#### Material supplied:
--- --- ---
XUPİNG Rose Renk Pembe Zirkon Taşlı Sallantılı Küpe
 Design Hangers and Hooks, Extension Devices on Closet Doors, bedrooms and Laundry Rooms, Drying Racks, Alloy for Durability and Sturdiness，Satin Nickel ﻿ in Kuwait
--- --- ---
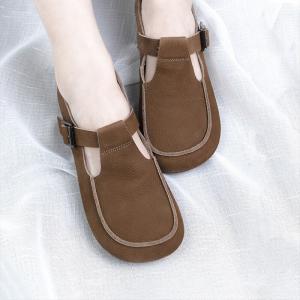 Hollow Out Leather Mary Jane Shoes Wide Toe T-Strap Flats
--- --- ---
#### Your instructions:
Look back at the entries above. Retype the line with "XUPİNG Rose Renk", the line with "Design Hangers and", and all lines in between.

#### Finished exercise:
XUPİNG Rose Renk Pembe Zirkon Taşlı Sallantılı Küpe
 Design Hangers and Hooks, Extension Devices on Closet Doors, bedrooms and Laundry Rooms, Drying Racks, Alloy for Durability and Sturdiness，Satin Nickel ﻿ in Kuwait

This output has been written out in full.